Their first year on the island, they thought they were the only Jews there, says Rubi Peretz. “There was nothing, no community framework. Eventually, we met some other Israelis and Spanish-speaking Jews.”
They were elated to hear of Chabad’s plans, and the other Island Jews have been very supportive, says Doron. “Chabad has a reputation: They bring together all kinds of Jews, religious or not. People want to connect with them.”
The Rosens will be working under the auspices of Rabbi David Liebersohn, director of ,Chabad-Lubavitch of Barcelona, who has been coordinating visits to the islands by Chabad’s Roving Rabbis for decades and is responsible for expanding Chabad-Lubavitch in Spain.
Ben Elsner from Prague who visited Tenerife last October, spending the entire winter there, had been hoping to find Chabad on the island. “Having been familiar with Chabad for 20 years and its vast worldwide network, I was wondering why there wasn’t one on Tenerife,” he says.

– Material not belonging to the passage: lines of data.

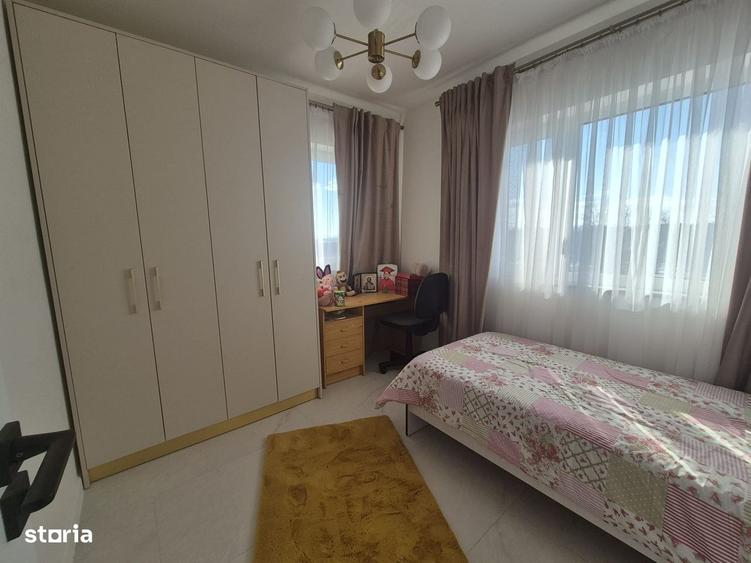 Casă cu 3 camere cu Teren 150 Mp în Lisaura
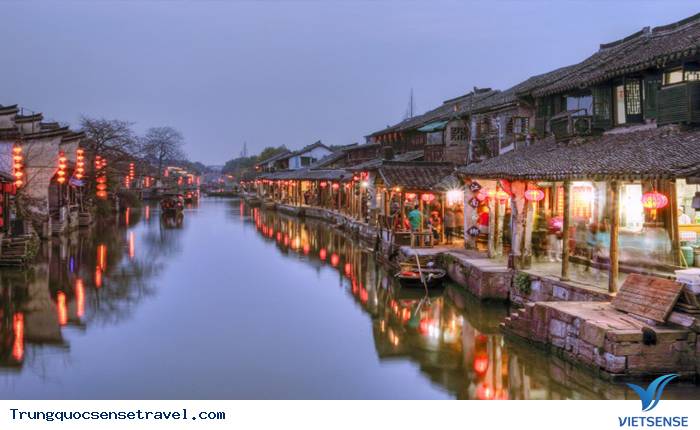 Khám phá Phượng Hoàng Trấn Cổ ngàn năm - Ảnh 9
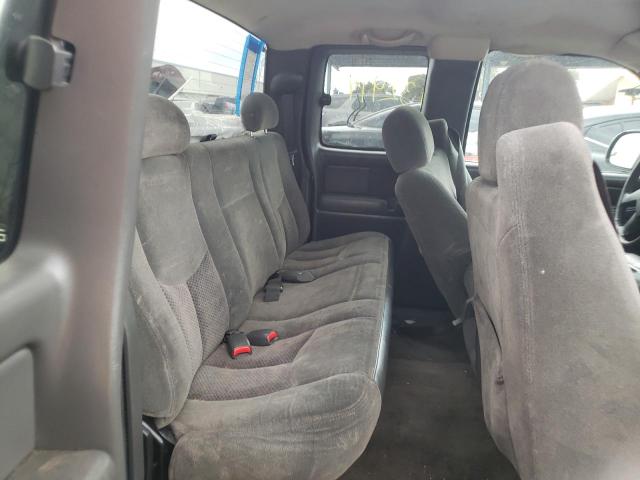 Photo 6 from auction – 2004 CHEVROLET SILVERADO with VIN 2GCEC19V141125228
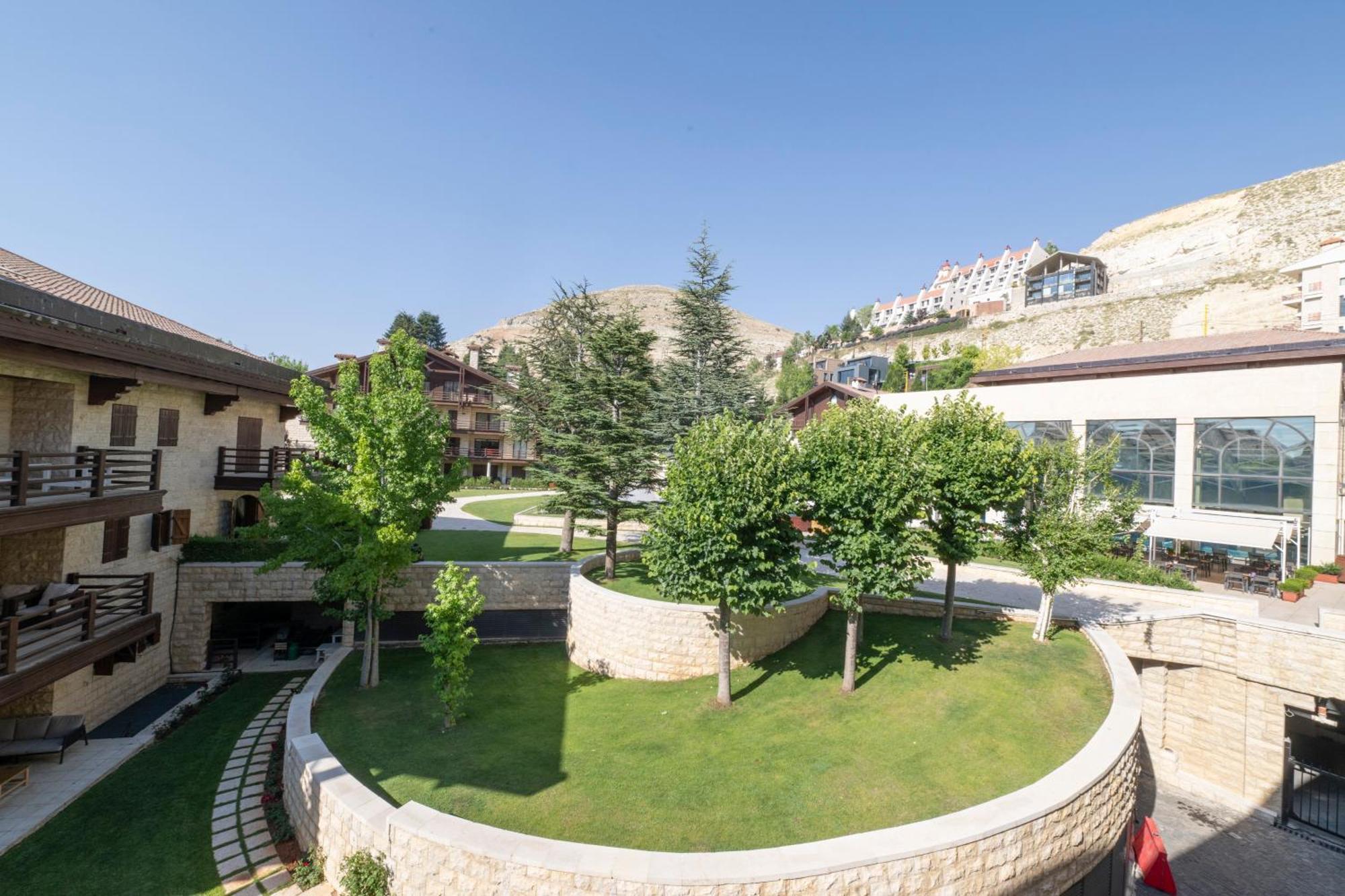 Intercontinental Mzaar Lebanon Mountain Resort & Spa By Ihg Mzaar Kfardebian Buitenkant foto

He decided to do something about it, calling Liebersohn in Barcelona and suggesting that they work together on establishing a local center. “And in September they arrived! It should be very successful—Tenerife is the ‘Florida of Europe’ and many of the tourists are Jewish. This is a great achievement and necessity.”
“They have created such a beautiful link between the Jews here, so many young families with children who have never met,” says Rodriguez. “The Rosens are the glue that makes us all come together. We absolutely love them! They’re wonderful people, really sweet, giving and dedicated. They taught us a lot about things we’d never know. Having grown up in Tenerife and living in Tel Aviv for years, I had no community besides my family. They would only celebrate the main chagim, and nobody ever explained anything. Finally, I had someone who explained everything.”
Rodriguez hopes that the Rosens will live in the north of the island (“I want them near me!”) but Rabbi Rosen says that those in the south are equally insistent. “We’re going to travel all over Tenerife and to the neighboring islands, such as Gran Canaria, where there is a small Jewish community, and connect with everybody,” he affirms.
“This is so important to us,” says Rubi Peretz. “We never dreamed it … and then we had 18 kids sitting together on the floor with Chava!”
“You think you’re alone,” adds her husband, “and suddenly, you see this.”